Московскому музею современного искусства исполнилось десять лет. Теперь его экспозиция сложилась в большую историю — историю отечественного актуального искусства последних двух десятилетий. О том, какова роль современного искусства в обществе и в сегодняшней жизни, нам рассказал исполнительный директор музея и комиссар российского павильона на Венецианской биеннале Василий Церетели.

— Василий, долгое время всякий разговор о современном искусстве у нас в России был проникнут пафосом открытия какой-то новой сферы жизни и ощущением невероятно важной роли, которую современное искусство уже играет или вот-вот начнет играть в нашем обществе. Вашему музею уже десять лет, полтора десятка лет каждый год проходят выставки-ярмарки современного искусства. Так что вроде бы сегодня современное искусство не такая уж и новость. Как вам кажется, заняло ли оно у нас положенное ему место? И что это за место?

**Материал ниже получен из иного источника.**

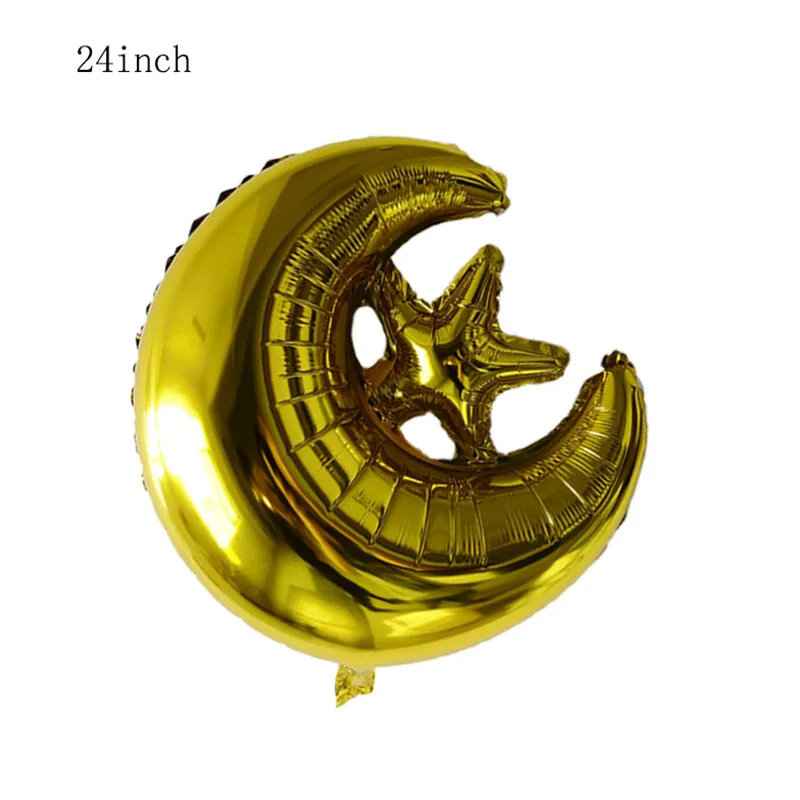 Juego de decoraci&oacute;n de globo de Eid Mubarak, decoraci&oacute;n de Ramad&aacute;n Mubarak para el hogar, pegatinas Eid Al Adha, ayuda para fiesta, decoraci&oacute;n de globos DIY, 1 Juego-3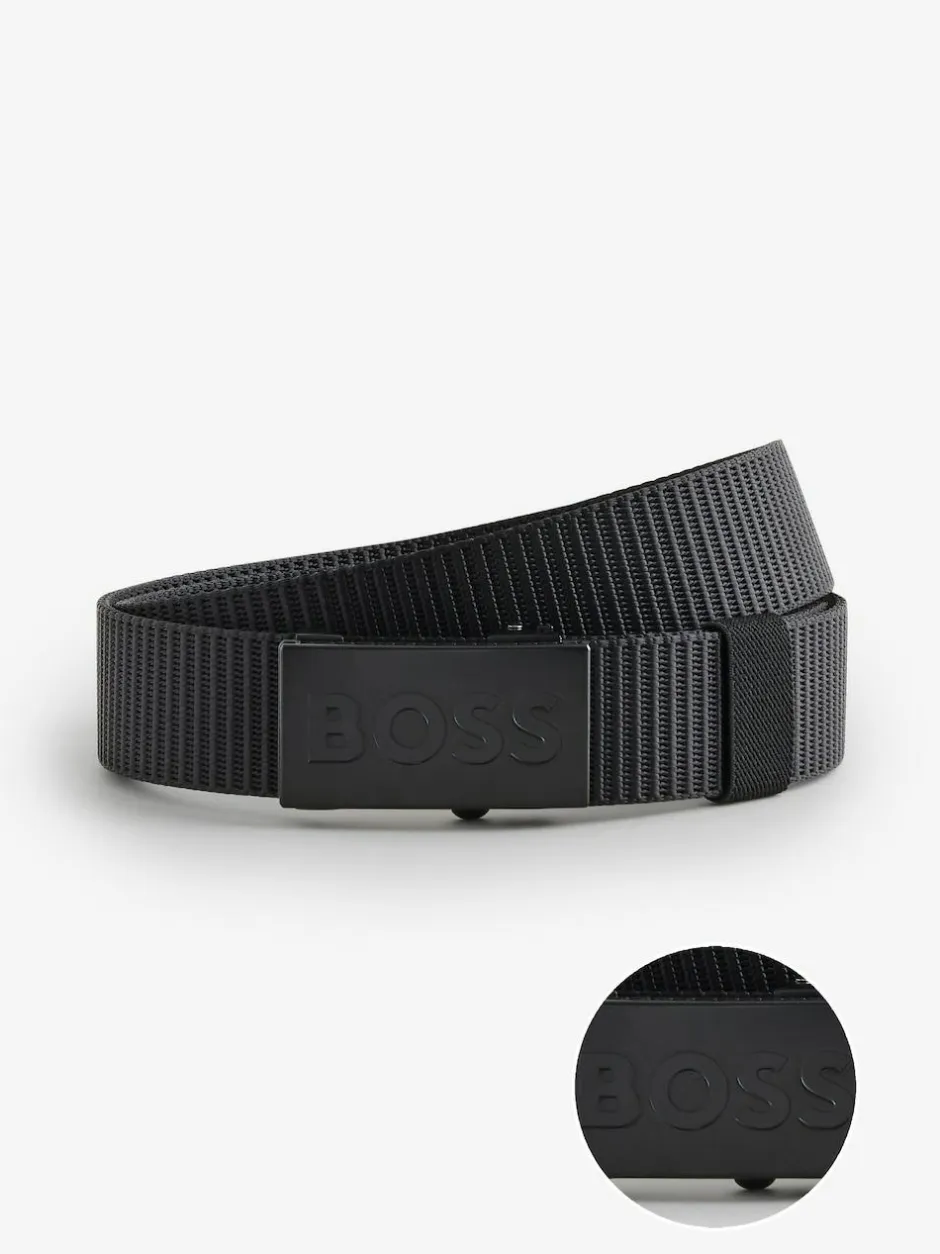 BOSS Black Bosper Tape Logo Belt Clearance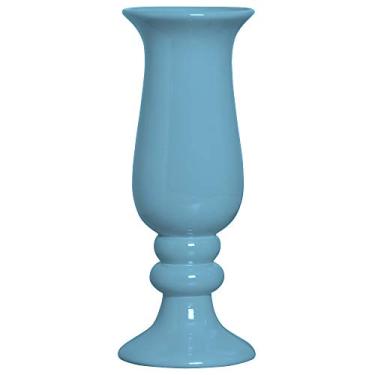 Imagem de Vaso Imperial Pé De Ceramica Ceramicas Pegorin Turqueza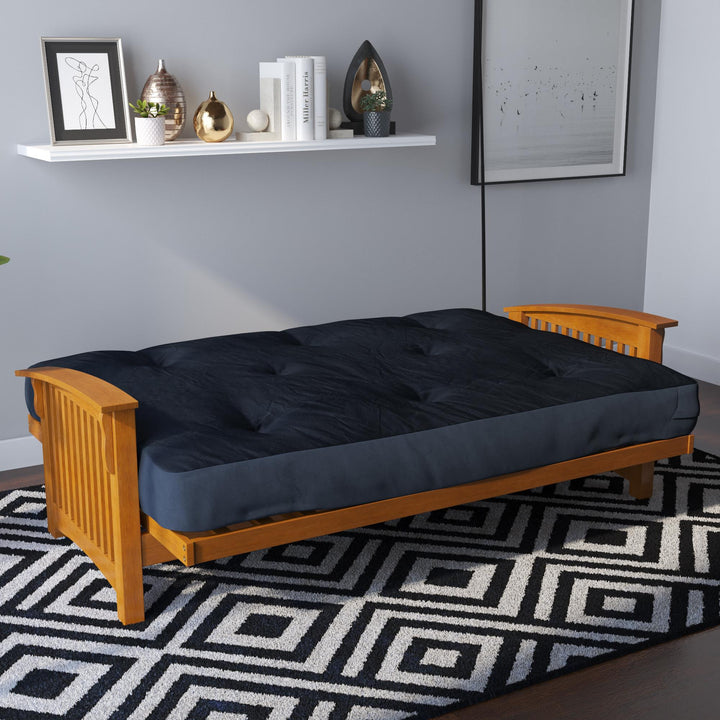 Eve 8 Inch Thermobonded High Density Polyester Fill Futon Mattress - Blue - Full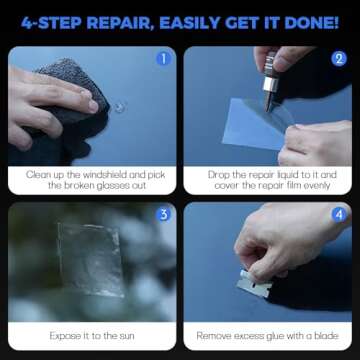 Easy-To-Use Windshield Crack Repair Kit for Car Owners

— Конечно, у нас из-за семидесятилетнего перерыва до сих пор к современному искусству относятся как к чему-то новому. На самом деле это такая же составляющая часть жизни современного человека, как одежда, еда, музыка. Но кроме того, без этой составляющей, то есть без современного искусства, общество не может развиваться ни в каких других сферах — ни в дизайне, ни в политике.— Дизайн, конечно, очень связан с современным искусством, но при чем тут политика?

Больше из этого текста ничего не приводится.